Originally posted on Sojourners | God’s Politics
The recent ruling by the U.S. Supreme Court should put to rest any notion of North Carolina trying to enact an Arizona- or Alabama-style immigration bill. While we remain concerned that the ruling could leave the door open for legalized racial profiling, the Court has made clear that immigration policy and enforcement should be left up to the federal government.
States and localities are rightly turning away from these laws as divisive, costly, and ineffective. Instead, they’re looking for common-sense approaches that uphold our nation’s values and move us forward together. That means national immigration policy reform that creates accountability and a pathway to citizenship. It means laws that promote public safety and uphold due process and equal justice. And it means integrating new Americans into our economic engine and social fabric, including through English-language learning. Increasing numbers of states are rejecting divisive laws, and voters are rejecting politicians that promote them.
Arizona and Alabama have already poured extensive political capital and millions of dollars down the drain in this losing fight. For example, the architect of Arizona’s SB 1070, State Senator Russell Pearce, was recalled in a special election. Arizona lost at least $140 million in tourism alone because of national boycotts. Alabama farmers saw millions of dollars worth of fresh produce rot on the vine while Latino children stayed home from school in record numbers. And Alabama received a slew of bad headlines after accidentally detaining a Mercedes-Benz executive for not carrying his passport. All this for a misguided approach now deemed unconstitutional by the Supreme Court. The results are in: the Arizona approach is not only unconstitutional, but also ineffective and costly.

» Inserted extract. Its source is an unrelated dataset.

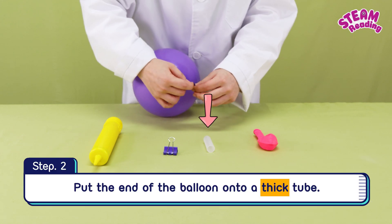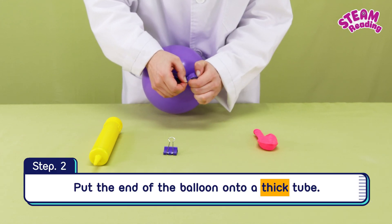Step 2. Put the end of the balloon onto a thick tube.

Here at the North Carolina Council of Churches we see how faith communities are putting their faith into action every day, ministering at the front lines of the immigration debate by offering English courses, meals, job training, and pastoral care to people facing very challenging situations.
Denominations at the national and state levels are united in their commitment to practice hospitality with immigrants. From Evangelical to Mainline Protestant, from Roman Catholic to Unitarian, from Lutheran to Mennonite, from Episcopal to Southern Baptist, churches of every race, color and creed are standing together to welcome their neighbors and reject the politics of scapegoating and division.
These faith communities all agree that the way to reduce unauthorized immigration and the way forward for millions of hardworking immigrant families is through comprehensive immigration reform at the federal level, providing a path to citizenship, putting all workers on a level playing field, and reuniting families.
Several months ago, when the North Carolina House Select Committee on the State’s Role in Immigration Policy accepted comments from the public, more than 55 faith leaders weighed in from across the state.
One faith leader from Raleigh said, “While it is, of course, legitimate for our country to develop and enact fair, sane, and compassionate immigration policies, the discriminatory Arizona and Alabama laws lead to a ‘guilty until proven innocent’ atmosphere, an increase in anti-immigrant vitriol, and a weakening of the local economy. I plead with our legislators to … reject anti-immigrant rhetoric and legislation and, instead, support policies that will build our state’s moral character and encourage economic growth.”
The darkest chapters in our past are ones where we have obscured the humanity of others. As people of faith, we will not be silent when it happens again. The Supreme Court has made it clear – it’s not an option for North Carolina to walk the losing path blazed by Arizona and Alabama. Instead, it’s time for Congress and the President to work together to chart a course toward a better future.
Rev. George Reed and Chris Liu-Beers are with the North Carolina Council of Churches.